This is the article by A. Einstein, B. Podolsky, and N. Rosen to which E. Schrodinger was responding when he posited the thought experiment made famous under his name.
The Einstein, Podolsky, Rosen article is available here. The question of the completeness of a model is a very interesting question, and has importance in philosophy, politics, and art.
Schroedinger’s response to the paper above is THE PRESENT SITUATION IN QUANTUM MECHANICS:
A TRANSLATION OF SCHRÖDINGER’S “CAT PARADOX PAPER“.
Don’t be afraid of not understanding the terminology. There are important issues here about how we understand reality.
Schroedinger raises a point:
But it is quite probable that the adaptation of thought to experience is an infinite process and that “complete model” is a contradiction in terms, somewhat like “largest integer.
I believe that this is correct; that the idea of creating a model that is “perfect” or that mathematically defines from a given moment the complete state of the universe in the next moment is a misunderstanding of the existence of the universe and philosophically abhorrent in terms of conscious action. Further, it appears to me to be another form of chasing after “God” to chase after the “perfect” model.
Schroedinger is involved in a direct attack on idealist rather than materialist concepts of knowledge.
In critically looking at the current established views in physics, Schroedinger sees:
The rejection of realism has logical consequences. In general, a variable has no definite value before I measure it; then measuring it does not mean ascertaining the value that it has.

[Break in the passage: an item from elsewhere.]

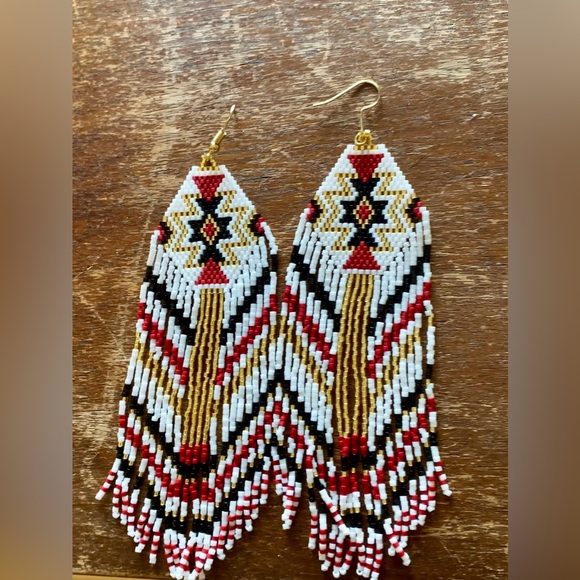 Hand beaded earrings - Picture 10 of 12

But then what does it mean? There must still be some criterion as to whether a measurement is true or false, a method is good or bad, accurate, or inaccurate – whether it deserves the name of measurement process at all. Any old playing around with an indicating instrument in the vicinity of another body, whereby at any old time one then takes a reading, can hardly be called a measurement on this body. Now it is fairly clear; if reality does not determine the measured value, then at least the measured value must determine reality – it must actually be present after the measurement in that sense which alone will be recognised again. That is, the desired criterion can be merely this: repetition of the measurement must give the same result. By many repetitions I can prove the accuracy of the procedure and show that I am not just playing. It is agreeable that this program matches exactly the method of the experimenter, to whom likewise the “true value” is not known beforehand. We formulate the essential point as follows:
The systematically arranged interaction of two systems (measured object and measuring instrument) is called a measurement on the first system, if a directly-sensible variable feature of the second (pointer position) is always reproduced within certain error limits when the process is immediately repeated (on the same object, which in the meantime must not be exposed to any additional influences).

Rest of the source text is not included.